Estimating air pollution levels around the world

Air quality monitoring

Many high-income countries of the world operate extensive networks of air quality monitoring stations in urban areas, providing continuous hourly measurements of pollution levels each day. Areas that more often lack extensive air monitoring include the many rapidly developing urban areas of low- and middle-income countries. Air quality data for large rural and suburban areas of high-income countries are also lacking, because most air quality monitoring occurs in major cities.

The Global Burden of Disease (GBD) project takes advantage of the monitoring data available from the World Health Organization Global Urban Ambient Air Pollution Database. This database is updated every two years; the last update was in 2016. Official air quality providers at the country or city level can submit data for inclusion in the database and are encouraged to do so, using the data template provided on the site.

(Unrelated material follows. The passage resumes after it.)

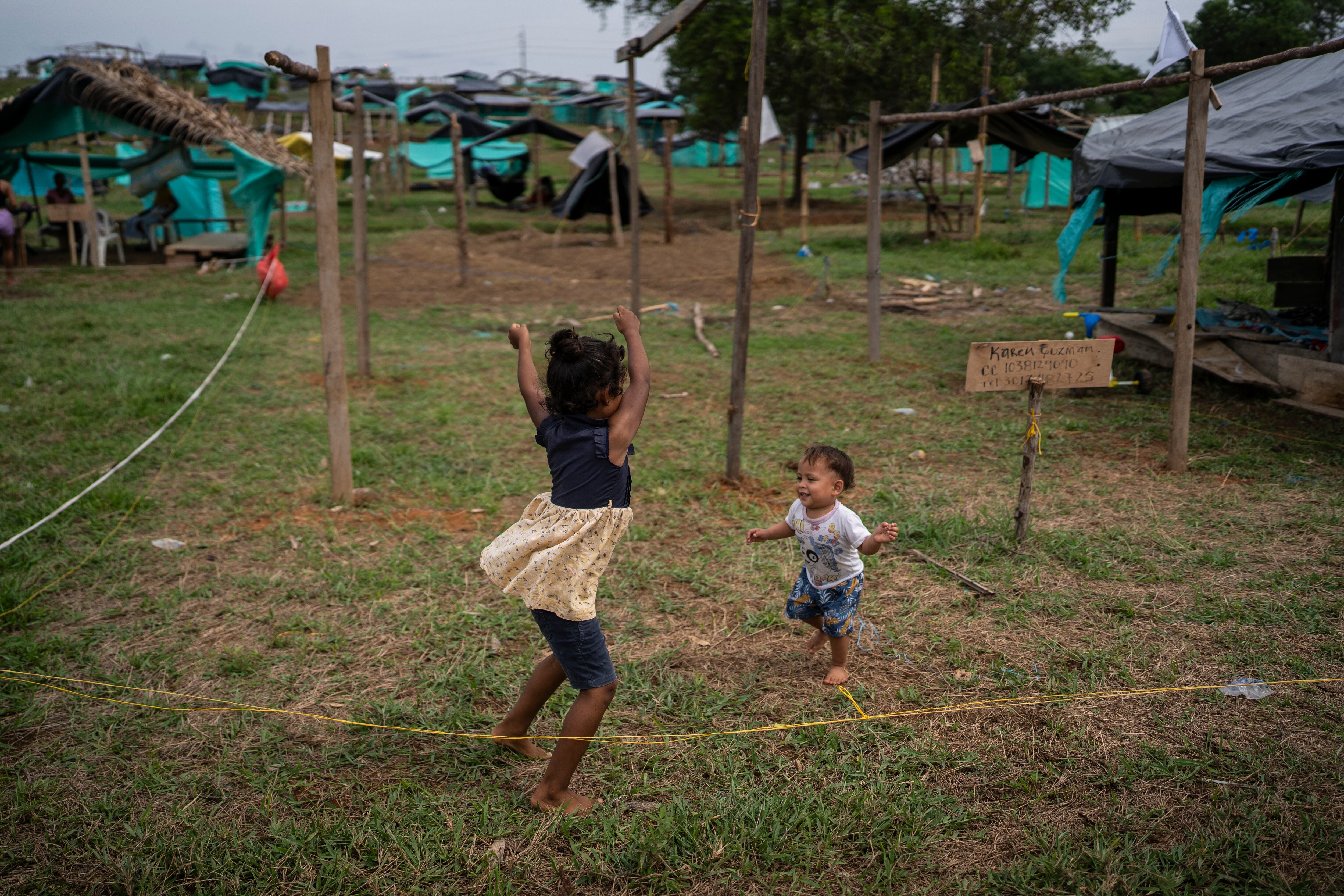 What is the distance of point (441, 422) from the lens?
6848 millimetres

Using satellite data when there are no monitors

Scientists have relied on ground-level measurements of air quality for most site-specific studies of air pollution health effects and for air quality management. However, in areas that do not have extensive air quality monitoring, they need to use other approaches to provide a consistent view of air pollution levels throughout the world.

To accomplish this, scientists rely on air quality observations from satellites and combine them with information from global chemical transport models  and available ground measurements. They then estimate global exposure to PM2.5 systematically, beginning in blocks or grid cells covering 0.1° x 0.1° of longitude and latitude (approximately 11 km x 11 km at the equator).

Taking into account the population in each block within a country, scientists then aggregate the estimated exposure concentrations to national-level population-weighted averages for a given year. The Global Burden of Disease analysis was conducted in 2017 using data in five-year intervals from 1990 to 2016, the most recent year for which the necessary data were available.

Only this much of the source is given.